In an earlier post, Tyler comments on the observation that few people in Washington are worried about the deficit. Tyler’s riposte:
That is why you should care about the budget deficit.
I have been thinking along similar lines. The arguments that Thoma, Krugman, and others make for not worrying about the deficit are, in fact, a major reason why I worry about the deficit. Conversely, if they would argue in favor of worrying about the deficit, then I might be less worried about it.
It would seem to me that a wealth tax is one way to solve this problem. Let the winners of the past spendthrift regime make up the gap.

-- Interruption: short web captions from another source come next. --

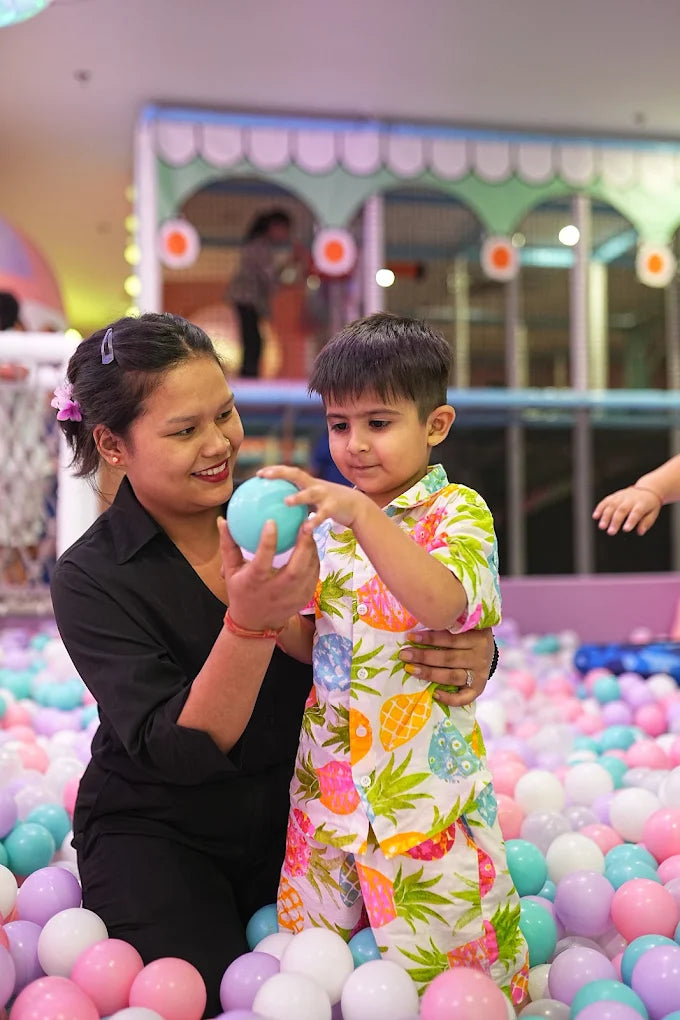 A woman and a young boy play with a ball in a ball pit.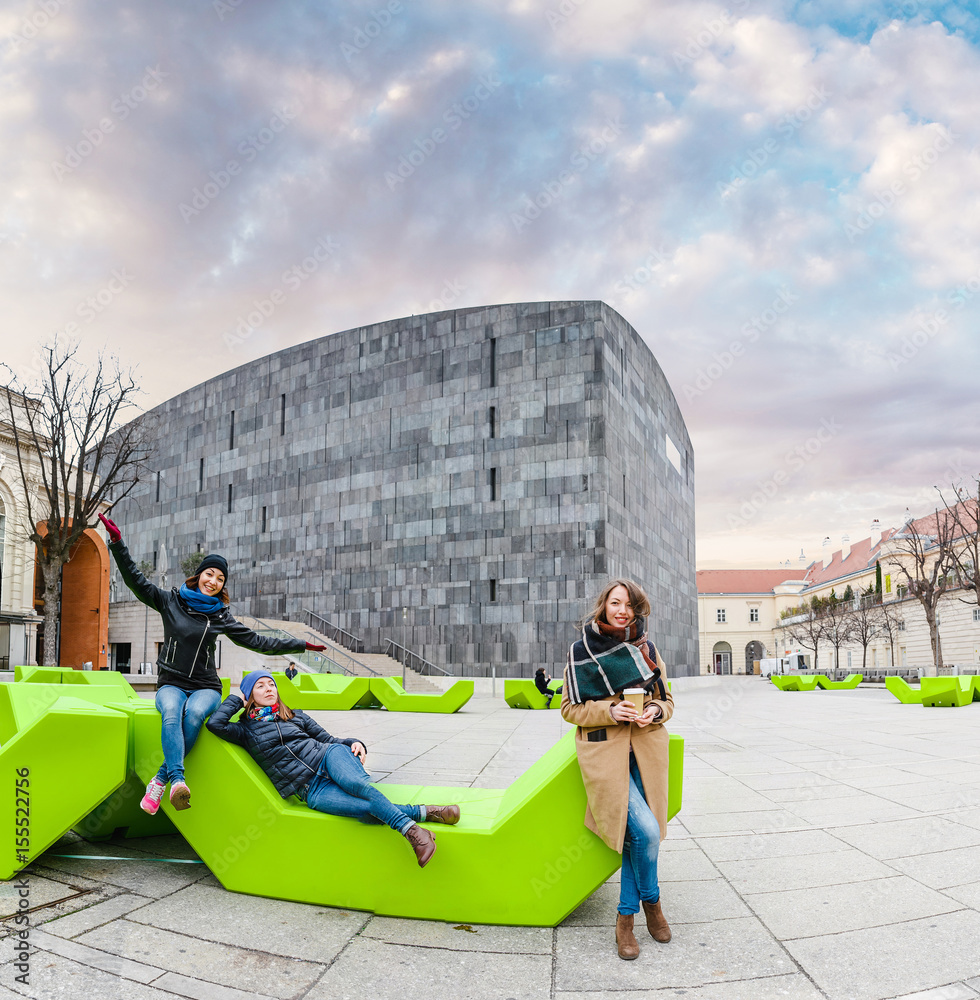 Fototapeta premium Group of friends having fun and sitting on the bench at park in Vienna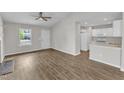 Open-concept living area with fireplace, connecting to a kitchen with white cabinets and appliances at 5420 Roan Mountain Pl, Raleigh, NC 27613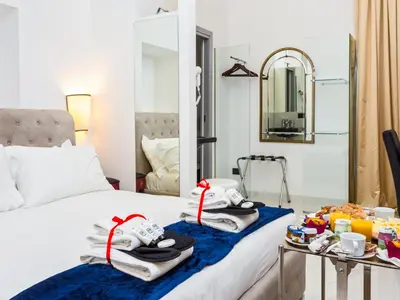 a hotel room with a bed with a tray of food at Queen Palace Suites in Rome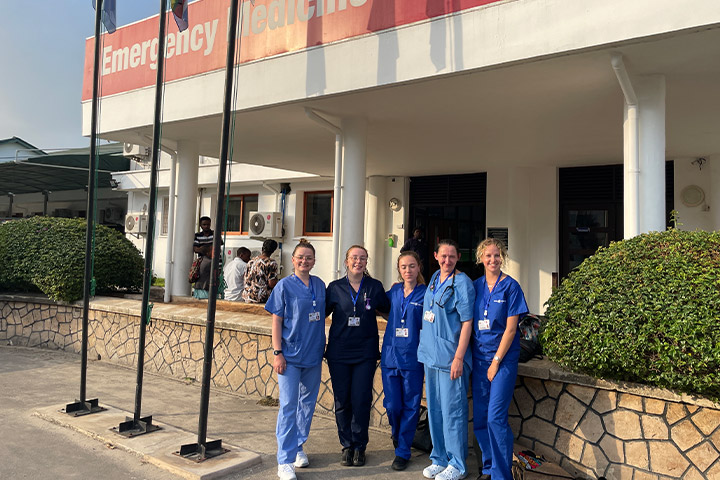 A group of student nurses wearing their scrubs smile at the camera outside of a hospital in the blazing sunshine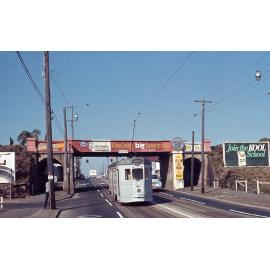 Tram No. 495 on Lutwyche Road, Windsor, under the railway bridge - 1968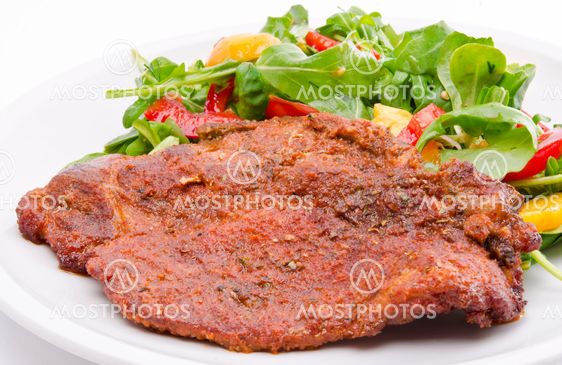 cervical chop with apricot-rocket salad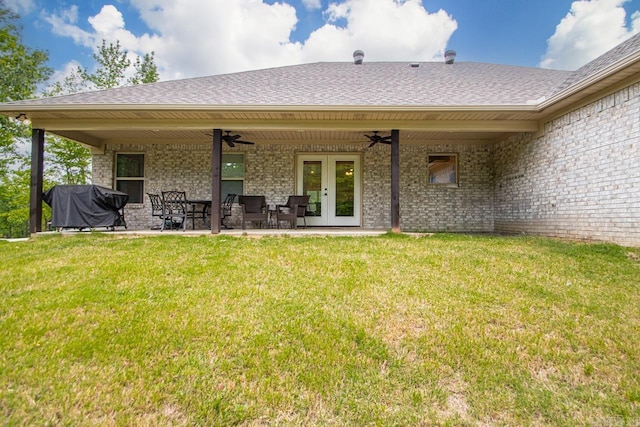 back of house with french doors, a ceiling fan, a yard, and brick siding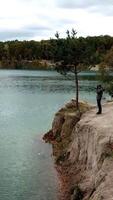 Man standing on shore. Aerial view of man standing on lake shore and taking photo of nature Vertical video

In principle, taxing the winners of the past spendthrift regime is exactly what to do. However, a wealth tax would hit many innocent victims. What you want to do is tax the cronies who got corporate subsidies, the workers who retired early on generous pensions, etc. Not easy to arrange such a tax.
Isn’t the run-up to such a tax essentially paying the wealthiest an enormous amount of money to leave the country? Is that a good idea?
Much attention has been, and is being, given to redistribution of incomes.
Equally serious if not more so, is the issue of the redistribution of costs.
Redistribution of incomes through governmental actions (coercion) as tax legislation and related establishment of specific benefits is capable of much more accurate analysis than redistribution of costs.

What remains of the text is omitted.